Work order >> Beginning with the line where "Indian Scout Rogue (2022 onwards) motorcycle" appears, retype every remaining line of the data below, both the first and last included.
Top of Data supplied
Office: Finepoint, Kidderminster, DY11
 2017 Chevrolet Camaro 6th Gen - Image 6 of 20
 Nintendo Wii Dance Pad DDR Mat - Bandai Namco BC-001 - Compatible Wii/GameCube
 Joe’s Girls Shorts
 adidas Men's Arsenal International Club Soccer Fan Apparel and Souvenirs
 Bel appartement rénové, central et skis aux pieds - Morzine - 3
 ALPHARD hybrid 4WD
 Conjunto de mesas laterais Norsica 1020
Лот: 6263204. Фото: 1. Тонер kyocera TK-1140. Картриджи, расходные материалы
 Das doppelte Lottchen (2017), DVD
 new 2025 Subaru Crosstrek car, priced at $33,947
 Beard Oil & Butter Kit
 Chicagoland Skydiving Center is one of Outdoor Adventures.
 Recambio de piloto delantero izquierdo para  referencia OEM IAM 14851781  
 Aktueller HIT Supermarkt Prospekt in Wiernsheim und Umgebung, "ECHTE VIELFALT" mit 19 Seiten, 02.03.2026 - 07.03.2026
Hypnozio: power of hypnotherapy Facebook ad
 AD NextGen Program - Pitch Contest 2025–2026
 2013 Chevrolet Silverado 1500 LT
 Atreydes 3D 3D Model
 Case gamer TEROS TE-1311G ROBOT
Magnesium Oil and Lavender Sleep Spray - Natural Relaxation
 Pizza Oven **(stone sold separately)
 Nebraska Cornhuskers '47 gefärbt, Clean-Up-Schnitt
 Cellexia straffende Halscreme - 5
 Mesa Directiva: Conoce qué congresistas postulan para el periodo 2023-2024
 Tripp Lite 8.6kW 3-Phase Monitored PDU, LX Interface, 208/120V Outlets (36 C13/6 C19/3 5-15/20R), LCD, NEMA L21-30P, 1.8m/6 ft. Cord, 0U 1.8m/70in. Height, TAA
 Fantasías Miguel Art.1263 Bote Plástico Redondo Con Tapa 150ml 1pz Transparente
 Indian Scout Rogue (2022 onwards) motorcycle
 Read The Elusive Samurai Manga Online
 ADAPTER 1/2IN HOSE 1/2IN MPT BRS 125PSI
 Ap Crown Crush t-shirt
Bottom of Data supplied
Output of the task >>
 Indian Scout Rogue (2022 onwards) motorcycle
 Read The Elusive Samurai Manga Online
 ADAPTER 1/2IN HOSE 1/2IN MPT BRS 125PSI
 Ap Crown Crush t-shirt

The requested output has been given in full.